Is Barcelona the only city in the world where airline routes are big news? All the papers are reporting that American Airlines has instituted nonstop service between El Prat and New York. I'm sure it's got something to do with the city's raging self-esteem problem: we must be important because we've got a nonstop flight to New York! Note the standard Spanish love-hate attitude toward America: we resent American power and influence, but at the same time we bask in reflected glory when America pays attention to us.

Jeez. Econ minister Solbes just won't leave Disneyworld. Now he's predicting 2.3% GDP growth for both 2008 and 2009, though the private sector says it'll be half that.

Meanwhile, 246,000 people were added to the unemployment rolls in the first quarter, putting the number of Spanish unemployed over 2 million, a rate of 9.6%. The only two regions that didn't see a rise in unemployment were the Basque Country and Extremadura, while Catalonia saw the largest increase, 39,000 more unemployed. It's going to get worse before it gets better, people.

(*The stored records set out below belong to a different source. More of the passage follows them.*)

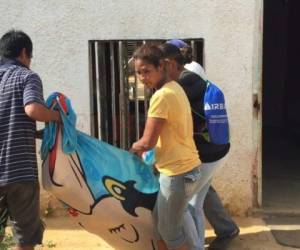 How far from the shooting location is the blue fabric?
12.8 feet

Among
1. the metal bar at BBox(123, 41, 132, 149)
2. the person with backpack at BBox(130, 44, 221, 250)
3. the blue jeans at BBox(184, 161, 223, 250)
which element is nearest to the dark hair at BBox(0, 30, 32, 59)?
the person with backpack at BBox(130, 44, 221, 250)

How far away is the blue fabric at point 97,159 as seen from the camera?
153 inches

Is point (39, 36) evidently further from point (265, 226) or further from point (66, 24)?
point (265, 226)

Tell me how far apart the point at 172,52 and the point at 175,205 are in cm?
96

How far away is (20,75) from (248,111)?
2453 millimetres

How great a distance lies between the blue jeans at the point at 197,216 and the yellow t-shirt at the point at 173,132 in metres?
0.44

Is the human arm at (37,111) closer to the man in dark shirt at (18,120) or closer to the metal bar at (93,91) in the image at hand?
the man in dark shirt at (18,120)

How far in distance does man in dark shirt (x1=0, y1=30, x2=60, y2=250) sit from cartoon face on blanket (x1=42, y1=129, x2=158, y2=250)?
0.18 meters

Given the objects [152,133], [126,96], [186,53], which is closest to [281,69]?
[126,96]

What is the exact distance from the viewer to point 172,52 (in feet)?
12.7

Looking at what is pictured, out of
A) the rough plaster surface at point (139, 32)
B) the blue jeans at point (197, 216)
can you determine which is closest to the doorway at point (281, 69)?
the rough plaster surface at point (139, 32)

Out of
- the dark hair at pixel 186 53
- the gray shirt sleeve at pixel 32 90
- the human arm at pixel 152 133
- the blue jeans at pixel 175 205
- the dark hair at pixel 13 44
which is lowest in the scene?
the blue jeans at pixel 175 205

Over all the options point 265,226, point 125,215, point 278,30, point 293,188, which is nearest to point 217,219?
point 265,226

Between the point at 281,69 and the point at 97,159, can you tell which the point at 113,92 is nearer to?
the point at 97,159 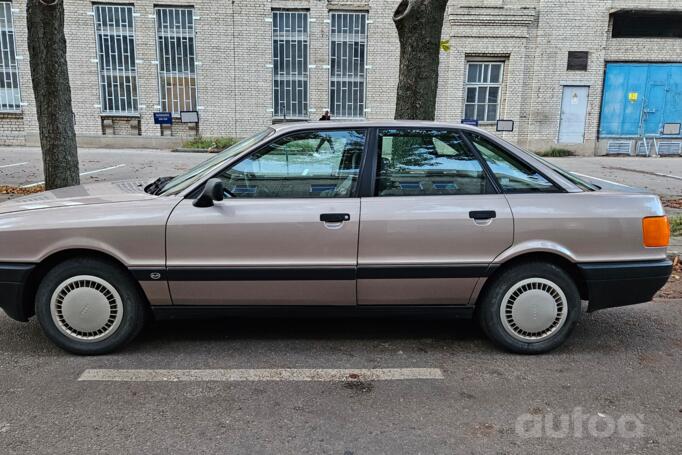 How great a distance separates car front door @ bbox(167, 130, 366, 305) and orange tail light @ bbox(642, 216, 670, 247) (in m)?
2.01

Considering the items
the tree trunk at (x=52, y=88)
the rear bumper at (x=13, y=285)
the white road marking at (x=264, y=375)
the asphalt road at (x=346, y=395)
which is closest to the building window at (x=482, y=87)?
the tree trunk at (x=52, y=88)

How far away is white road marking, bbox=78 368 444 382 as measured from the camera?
3439 millimetres

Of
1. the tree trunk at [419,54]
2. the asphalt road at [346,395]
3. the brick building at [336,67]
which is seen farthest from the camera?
the brick building at [336,67]

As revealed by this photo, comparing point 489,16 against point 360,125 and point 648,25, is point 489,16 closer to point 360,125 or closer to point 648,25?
point 648,25

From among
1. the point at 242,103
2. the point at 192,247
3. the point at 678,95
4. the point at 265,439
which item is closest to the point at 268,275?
the point at 192,247

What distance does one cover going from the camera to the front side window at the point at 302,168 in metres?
3.71

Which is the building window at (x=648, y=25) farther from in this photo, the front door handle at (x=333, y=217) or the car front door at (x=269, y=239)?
the front door handle at (x=333, y=217)

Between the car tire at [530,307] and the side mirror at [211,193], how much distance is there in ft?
6.42

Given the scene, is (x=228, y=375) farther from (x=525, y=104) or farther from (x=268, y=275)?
(x=525, y=104)

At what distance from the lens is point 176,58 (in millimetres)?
18547

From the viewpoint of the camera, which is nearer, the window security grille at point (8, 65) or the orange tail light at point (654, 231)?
the orange tail light at point (654, 231)

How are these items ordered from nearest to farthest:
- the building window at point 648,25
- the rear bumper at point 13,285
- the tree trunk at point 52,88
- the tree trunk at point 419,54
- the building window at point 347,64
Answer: the rear bumper at point 13,285 → the tree trunk at point 419,54 → the tree trunk at point 52,88 → the building window at point 347,64 → the building window at point 648,25

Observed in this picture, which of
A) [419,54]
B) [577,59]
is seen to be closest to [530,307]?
[419,54]

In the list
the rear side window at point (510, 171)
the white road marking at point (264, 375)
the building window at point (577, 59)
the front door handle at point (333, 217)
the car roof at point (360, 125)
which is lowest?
the white road marking at point (264, 375) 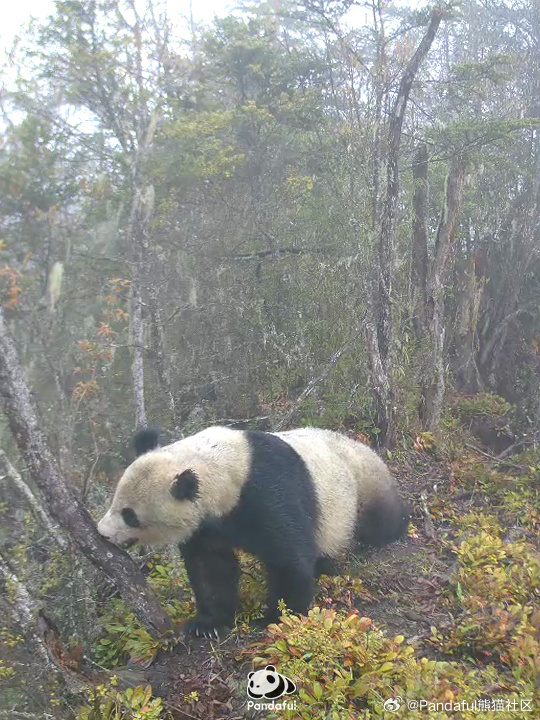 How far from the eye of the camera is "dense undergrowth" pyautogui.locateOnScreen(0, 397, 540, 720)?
3.04 meters

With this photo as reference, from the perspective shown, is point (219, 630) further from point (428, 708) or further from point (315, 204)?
point (315, 204)

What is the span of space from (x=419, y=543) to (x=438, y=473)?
1748 mm

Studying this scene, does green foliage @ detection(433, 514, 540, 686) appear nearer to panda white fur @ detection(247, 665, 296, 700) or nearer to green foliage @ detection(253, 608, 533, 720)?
green foliage @ detection(253, 608, 533, 720)

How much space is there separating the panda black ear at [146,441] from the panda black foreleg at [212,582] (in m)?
0.72

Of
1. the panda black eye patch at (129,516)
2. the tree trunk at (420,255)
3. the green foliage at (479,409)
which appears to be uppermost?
the tree trunk at (420,255)

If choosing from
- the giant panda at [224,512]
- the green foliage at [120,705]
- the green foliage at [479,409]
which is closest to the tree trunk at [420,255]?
the green foliage at [479,409]

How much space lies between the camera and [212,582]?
418 centimetres

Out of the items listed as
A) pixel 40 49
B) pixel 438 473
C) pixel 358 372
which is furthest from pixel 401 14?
pixel 438 473

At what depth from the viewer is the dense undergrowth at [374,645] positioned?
120 inches

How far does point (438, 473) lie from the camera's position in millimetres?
7129

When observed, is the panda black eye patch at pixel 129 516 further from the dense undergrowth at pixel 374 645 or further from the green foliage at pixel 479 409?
the green foliage at pixel 479 409

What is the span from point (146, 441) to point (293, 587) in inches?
56.2

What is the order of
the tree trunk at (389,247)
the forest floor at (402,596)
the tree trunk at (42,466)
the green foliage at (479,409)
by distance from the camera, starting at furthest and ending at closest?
the green foliage at (479,409) < the tree trunk at (389,247) < the forest floor at (402,596) < the tree trunk at (42,466)

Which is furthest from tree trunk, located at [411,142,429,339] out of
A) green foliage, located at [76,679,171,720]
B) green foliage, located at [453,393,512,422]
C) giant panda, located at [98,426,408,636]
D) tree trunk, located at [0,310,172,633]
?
green foliage, located at [76,679,171,720] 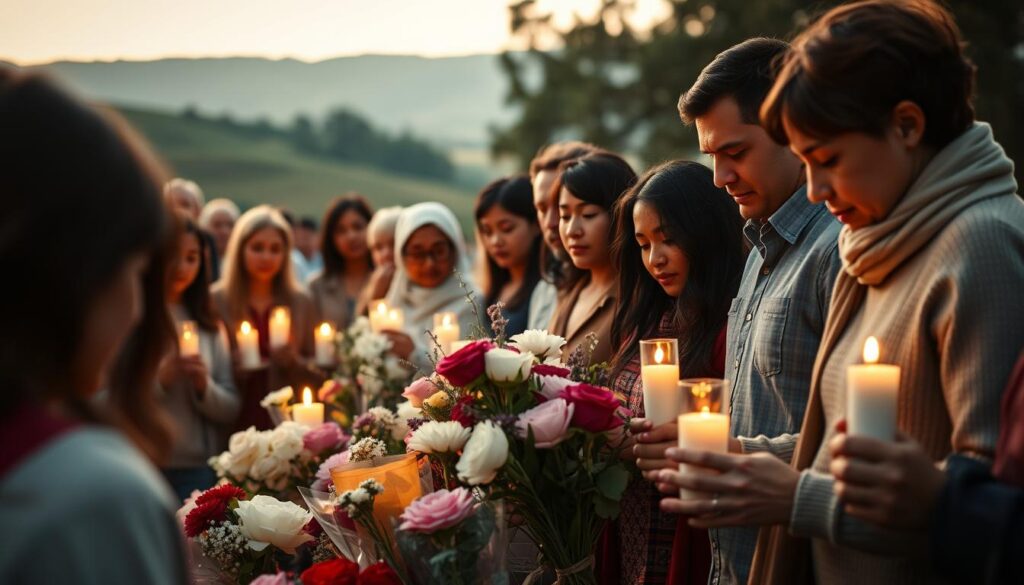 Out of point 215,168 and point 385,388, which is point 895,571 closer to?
point 385,388

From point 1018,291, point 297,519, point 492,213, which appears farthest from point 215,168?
point 1018,291

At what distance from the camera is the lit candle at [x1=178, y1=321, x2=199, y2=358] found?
5.18 m

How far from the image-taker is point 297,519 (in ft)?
8.87

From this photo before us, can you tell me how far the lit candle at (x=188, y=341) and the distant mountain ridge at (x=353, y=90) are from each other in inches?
422

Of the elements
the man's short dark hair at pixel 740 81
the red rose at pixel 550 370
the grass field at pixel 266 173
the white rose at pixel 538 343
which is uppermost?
the man's short dark hair at pixel 740 81

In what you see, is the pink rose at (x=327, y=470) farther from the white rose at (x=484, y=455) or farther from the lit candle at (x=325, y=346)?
the lit candle at (x=325, y=346)

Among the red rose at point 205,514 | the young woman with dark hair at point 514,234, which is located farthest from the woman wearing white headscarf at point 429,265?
the red rose at point 205,514

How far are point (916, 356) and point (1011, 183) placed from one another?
1.20 feet

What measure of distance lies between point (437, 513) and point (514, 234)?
3233 mm

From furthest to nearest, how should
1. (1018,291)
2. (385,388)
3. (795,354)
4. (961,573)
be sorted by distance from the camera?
(385,388) < (795,354) < (1018,291) < (961,573)

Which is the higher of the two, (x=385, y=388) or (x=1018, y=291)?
(x=1018, y=291)

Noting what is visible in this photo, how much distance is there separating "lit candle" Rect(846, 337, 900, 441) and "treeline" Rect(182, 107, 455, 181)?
23.2 m

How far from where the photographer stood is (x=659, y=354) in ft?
7.41

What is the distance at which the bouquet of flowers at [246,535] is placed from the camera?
105 inches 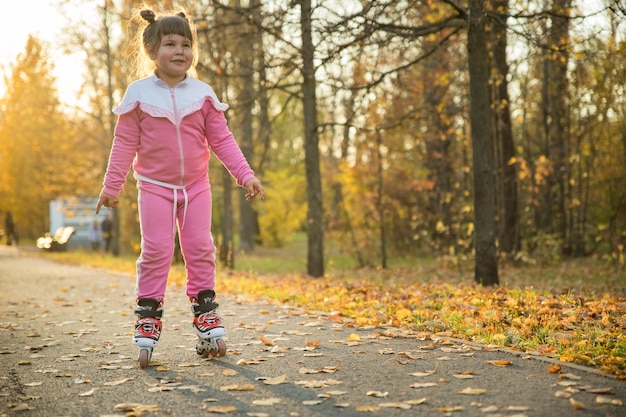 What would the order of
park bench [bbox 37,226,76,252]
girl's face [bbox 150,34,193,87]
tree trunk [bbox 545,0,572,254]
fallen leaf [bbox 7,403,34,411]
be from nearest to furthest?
fallen leaf [bbox 7,403,34,411], girl's face [bbox 150,34,193,87], tree trunk [bbox 545,0,572,254], park bench [bbox 37,226,76,252]

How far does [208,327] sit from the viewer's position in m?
4.22

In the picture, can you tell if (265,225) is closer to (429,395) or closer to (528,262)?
(528,262)

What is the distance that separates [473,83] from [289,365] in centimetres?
543

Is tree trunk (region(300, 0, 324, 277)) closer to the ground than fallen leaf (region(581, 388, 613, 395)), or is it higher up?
higher up

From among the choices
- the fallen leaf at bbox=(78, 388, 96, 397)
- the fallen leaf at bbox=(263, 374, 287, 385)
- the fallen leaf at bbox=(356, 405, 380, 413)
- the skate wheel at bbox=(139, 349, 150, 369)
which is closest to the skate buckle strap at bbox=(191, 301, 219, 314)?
the skate wheel at bbox=(139, 349, 150, 369)

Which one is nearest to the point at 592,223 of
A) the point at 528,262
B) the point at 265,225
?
the point at 528,262

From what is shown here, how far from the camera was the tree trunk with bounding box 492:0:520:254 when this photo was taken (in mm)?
12242

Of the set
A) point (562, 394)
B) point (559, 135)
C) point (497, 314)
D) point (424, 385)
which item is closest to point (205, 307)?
point (424, 385)

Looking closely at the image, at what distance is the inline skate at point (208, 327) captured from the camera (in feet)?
13.9

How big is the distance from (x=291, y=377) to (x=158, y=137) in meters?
1.70

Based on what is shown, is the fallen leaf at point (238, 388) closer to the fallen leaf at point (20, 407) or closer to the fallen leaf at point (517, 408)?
the fallen leaf at point (20, 407)

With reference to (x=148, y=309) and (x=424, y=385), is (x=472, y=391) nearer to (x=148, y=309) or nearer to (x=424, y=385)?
(x=424, y=385)

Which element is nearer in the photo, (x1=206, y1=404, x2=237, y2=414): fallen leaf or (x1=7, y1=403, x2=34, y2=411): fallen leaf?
(x1=206, y1=404, x2=237, y2=414): fallen leaf

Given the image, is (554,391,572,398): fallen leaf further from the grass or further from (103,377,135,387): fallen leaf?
(103,377,135,387): fallen leaf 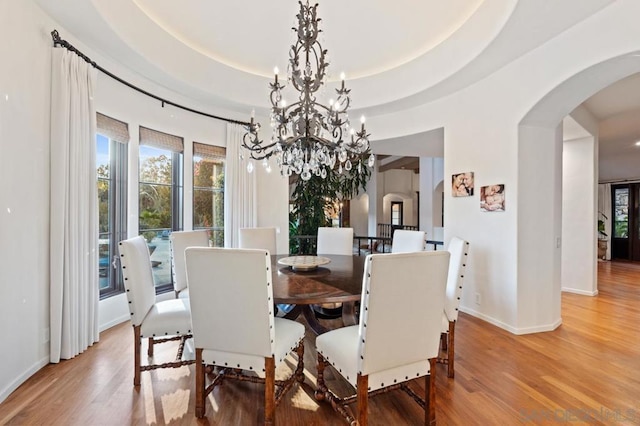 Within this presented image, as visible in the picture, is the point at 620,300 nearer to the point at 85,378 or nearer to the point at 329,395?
the point at 329,395

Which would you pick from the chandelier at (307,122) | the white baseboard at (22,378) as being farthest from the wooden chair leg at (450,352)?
the white baseboard at (22,378)

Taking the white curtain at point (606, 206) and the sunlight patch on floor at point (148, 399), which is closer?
the sunlight patch on floor at point (148, 399)

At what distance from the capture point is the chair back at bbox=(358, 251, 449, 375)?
1.59 m

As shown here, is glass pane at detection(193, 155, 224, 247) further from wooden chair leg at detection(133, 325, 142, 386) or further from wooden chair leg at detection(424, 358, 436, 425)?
wooden chair leg at detection(424, 358, 436, 425)

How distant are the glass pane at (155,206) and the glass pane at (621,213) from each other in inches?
471

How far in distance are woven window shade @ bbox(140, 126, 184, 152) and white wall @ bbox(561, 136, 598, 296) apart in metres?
6.23

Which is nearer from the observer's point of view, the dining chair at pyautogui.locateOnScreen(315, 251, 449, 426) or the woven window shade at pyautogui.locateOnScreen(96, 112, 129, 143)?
the dining chair at pyautogui.locateOnScreen(315, 251, 449, 426)

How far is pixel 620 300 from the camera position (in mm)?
4516

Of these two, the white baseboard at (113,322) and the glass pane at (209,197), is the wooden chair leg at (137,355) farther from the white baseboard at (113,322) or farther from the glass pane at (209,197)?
the glass pane at (209,197)

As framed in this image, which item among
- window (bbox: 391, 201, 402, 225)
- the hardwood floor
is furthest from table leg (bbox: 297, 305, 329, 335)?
window (bbox: 391, 201, 402, 225)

The percentage of flats in Barcelona priced at under €240,000 has doubled since 2006 to 18%, and you see a few under €200,000 now. El Periodico says that these places are of generally good quality, too, while two years ago cheap flats were all very undesirable. Problems: 1) the mortgage interest rate is high right now, with the Euribor at 5%, depressing demand 2) credit is tight and banks aren't giving out mortgages to everybody and his dog anymore.

You probably saw that Barça drew with Man United at the Camp Nou, 0-0; they had a dozen opportunities but couldn't score as usual. United played it safe and stuck to defense and fast breaks, and they'd have won if Cristiano Ronaldo had made his penalty kick in about the second minute. Wayne Rooney was disappointing. Barcelona's best players were Iniesta and Touré. Now they have to play the second ninety minutes at Old Trafford, which will not be easy. But anything could happen, and all hope has not been abandoned. Rijkaard has given up on the League; this weekend he's sitting his good players to rest them up for the rematch with Man U.


Mário Vilela, Brazil said...

Lula is a cheap demagogue, but, as a matter of fact, we don't grow sugarcane in the Amazon, or at least don't grow any significant amount of sugarcane there.

More than half of all Brazilian cane comes from the southeastern state of São Paulo, and the rest comes overwhelmingly from neighboring regions or from the northeast.

I, by the way, don't like biofuels in the least. We've had for more than three decades now a program called Proalcool, which has drained good soil and good money for producing nothing more than an ersatz gas. Oil may be expensive, mas it's still plentiful -- or at least more plentiful than rich soils. But I'm, alas, a minority in Brazil.

P.S. Yours is one of my favorite blogs, John. Carry on the good work!

John said...

Thanks for the correction, and for the goodwill as well. Much appreciated.